[Scraped caption text data]
↓

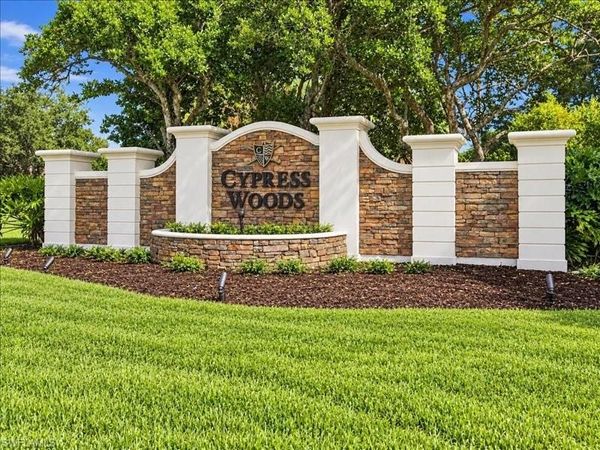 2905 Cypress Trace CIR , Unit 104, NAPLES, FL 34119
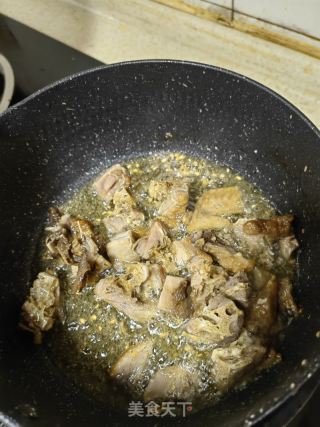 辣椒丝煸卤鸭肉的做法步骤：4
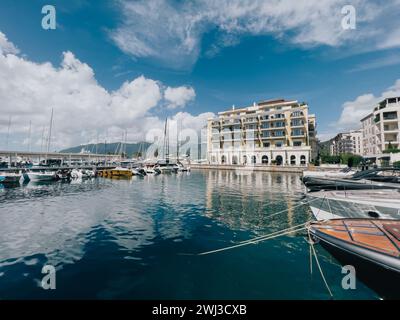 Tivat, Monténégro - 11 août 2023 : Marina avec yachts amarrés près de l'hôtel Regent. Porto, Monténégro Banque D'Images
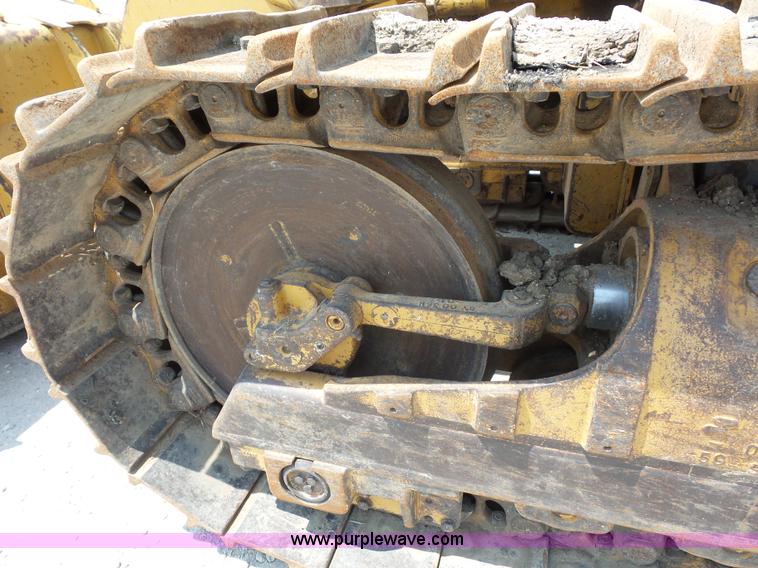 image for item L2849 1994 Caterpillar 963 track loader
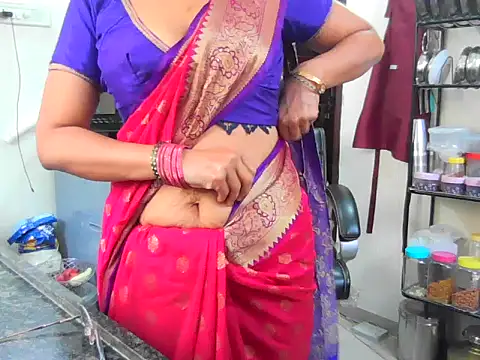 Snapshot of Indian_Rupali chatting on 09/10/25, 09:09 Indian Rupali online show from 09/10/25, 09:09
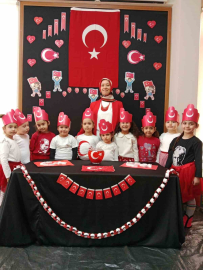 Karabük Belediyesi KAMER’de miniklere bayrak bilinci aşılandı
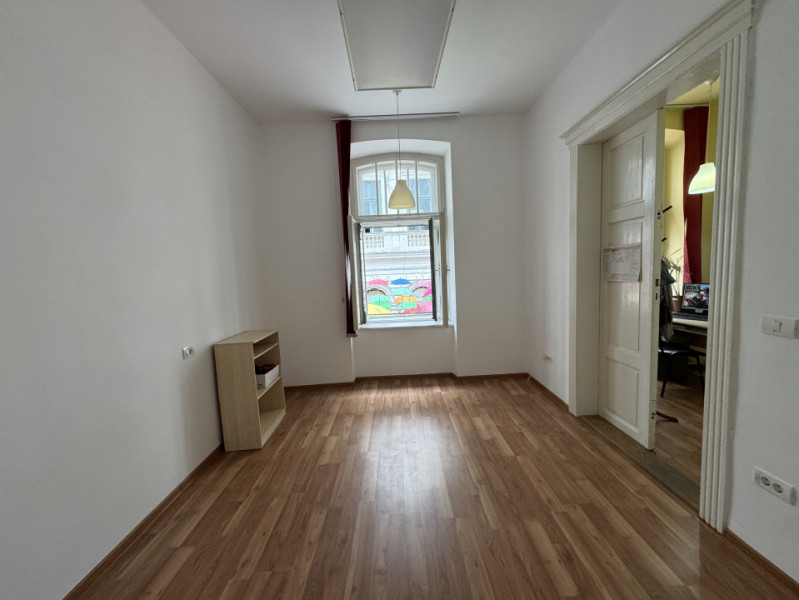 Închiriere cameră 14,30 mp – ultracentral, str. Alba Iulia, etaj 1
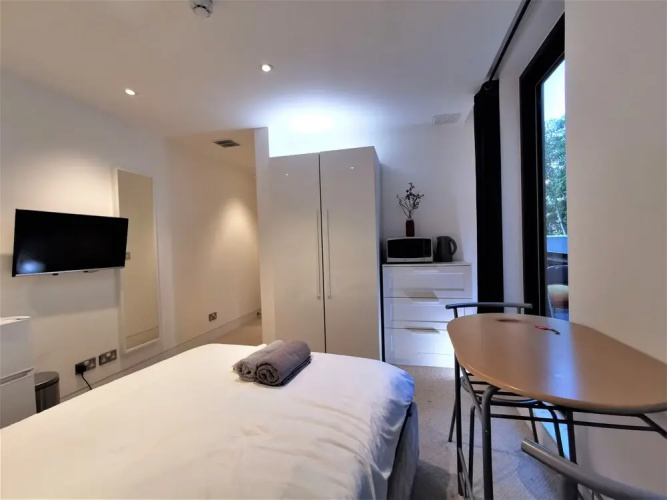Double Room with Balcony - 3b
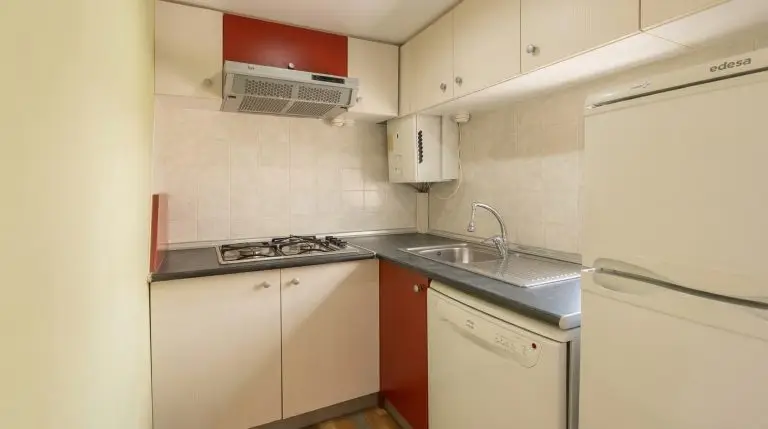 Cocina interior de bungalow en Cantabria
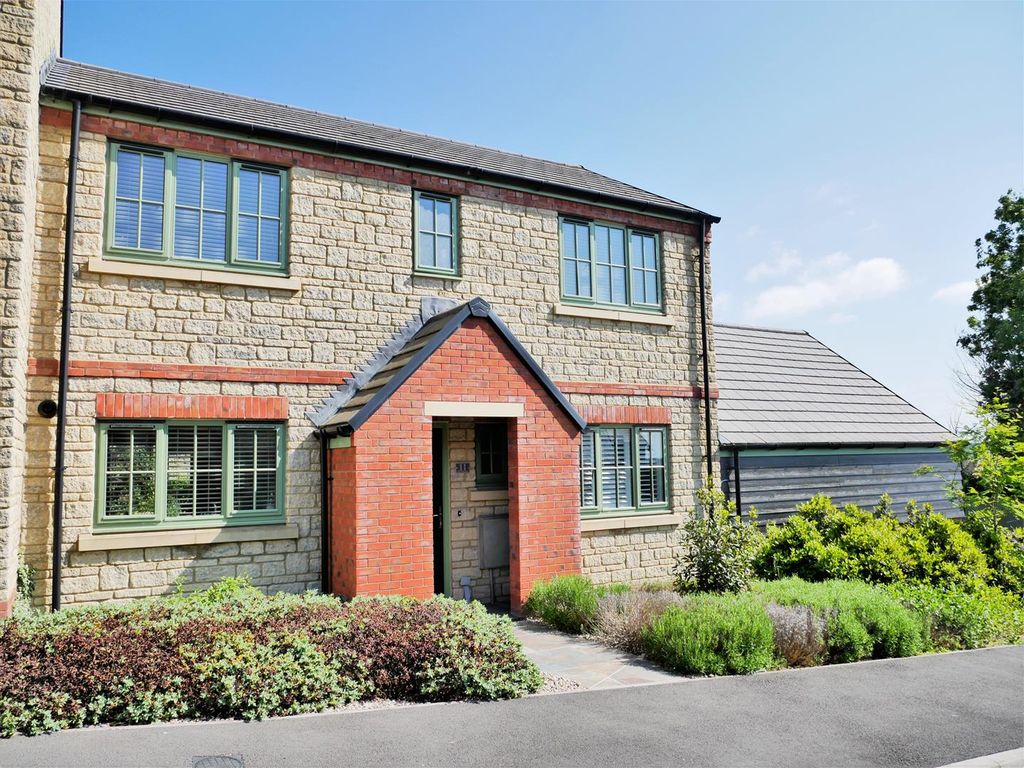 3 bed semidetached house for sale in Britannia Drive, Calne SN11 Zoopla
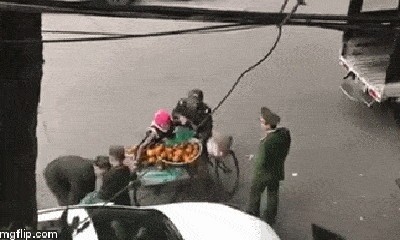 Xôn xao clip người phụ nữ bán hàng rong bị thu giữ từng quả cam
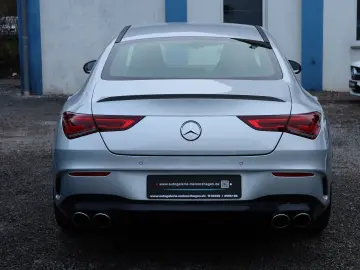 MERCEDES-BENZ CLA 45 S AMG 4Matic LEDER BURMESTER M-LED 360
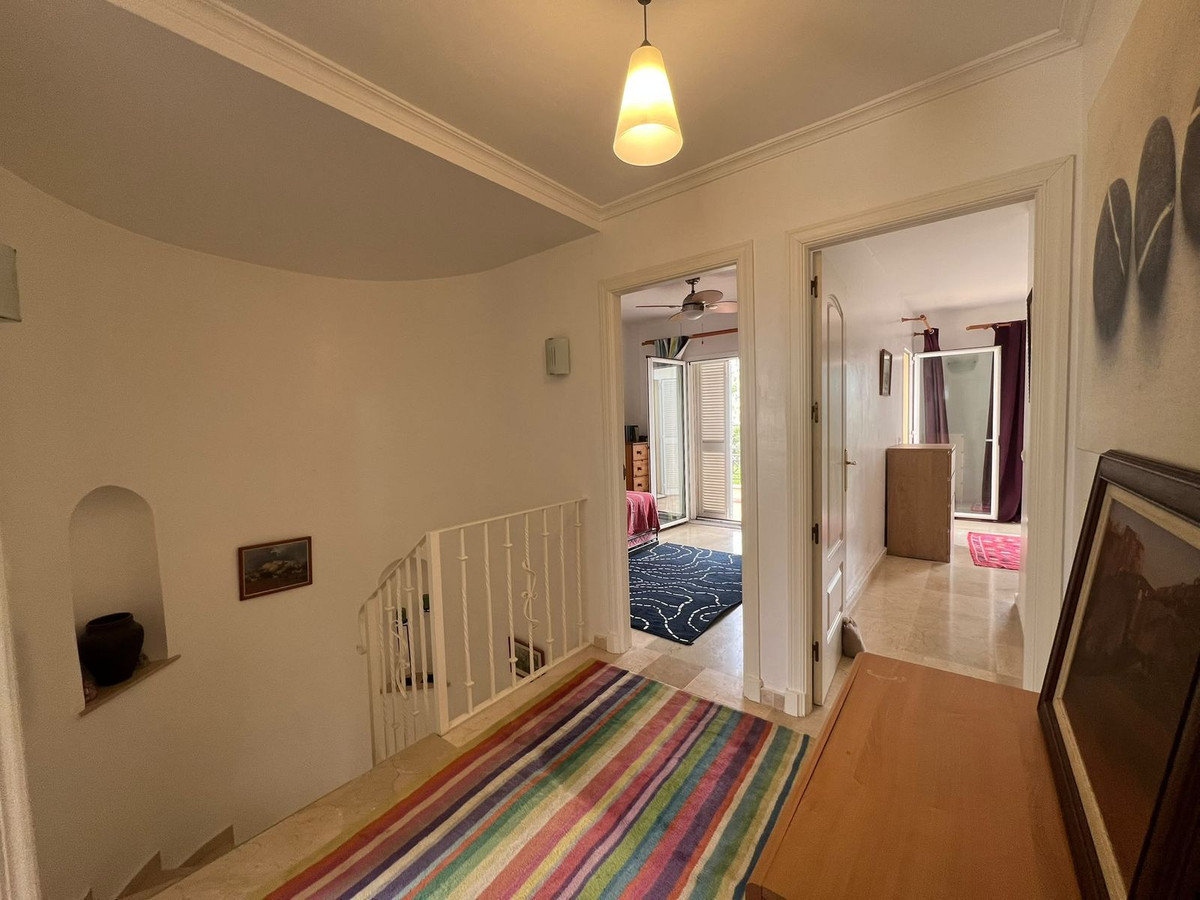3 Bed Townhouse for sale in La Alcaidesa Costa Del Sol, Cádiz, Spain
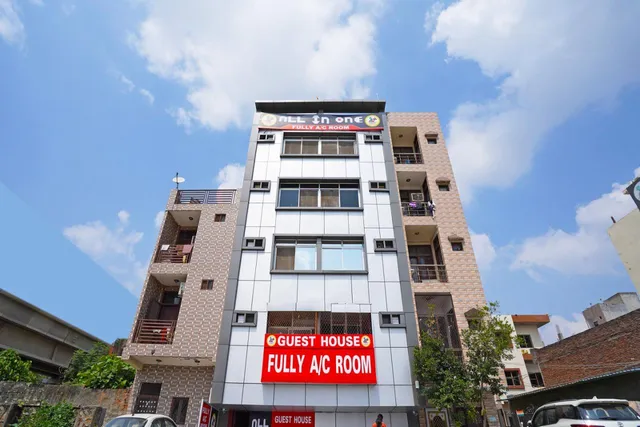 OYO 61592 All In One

↑

» **Exercise prompt**:
Reproduce each entry precisely. Leave the pictures out.

» **Written response**:
 2905 Cypress Trace CIR , Unit 104, NAPLES, FL 34119
 辣椒丝煸卤鸭肉的做法步骤：4
 Tivat, Monténégro - 11 août 2023 : Marina avec yachts amarrés près de l'hôtel Regent. Porto, Monténégro Banque D'Images
 image for item L2849 1994 Caterpillar 963 track loader
 Snapshot of Indian_Rupali chatting on 09/10/25, 09:09 Indian Rupali online show from 09/10/25, 09:09
 Karabük Belediyesi KAMER’de miniklere bayrak bilinci aşılandı
 Închiriere cameră 14,30 mp – ultracentral, str. Alba Iulia, etaj 1
Double Room with Balcony - 3b
 Cocina interior de bungalow en Cantabria
 3 bed semidetached house for sale in Britannia Drive, Calne SN11 Zoopla
 Xôn xao clip người phụ nữ bán hàng rong bị thu giữ từng quả cam
 MERCEDES-BENZ CLA 45 S AMG 4Matic LEDER BURMESTER M-LED 360
3 Bed Townhouse for sale in La Alcaidesa Costa Del Sol, Cádiz, Spain
 OYO 61592 All In One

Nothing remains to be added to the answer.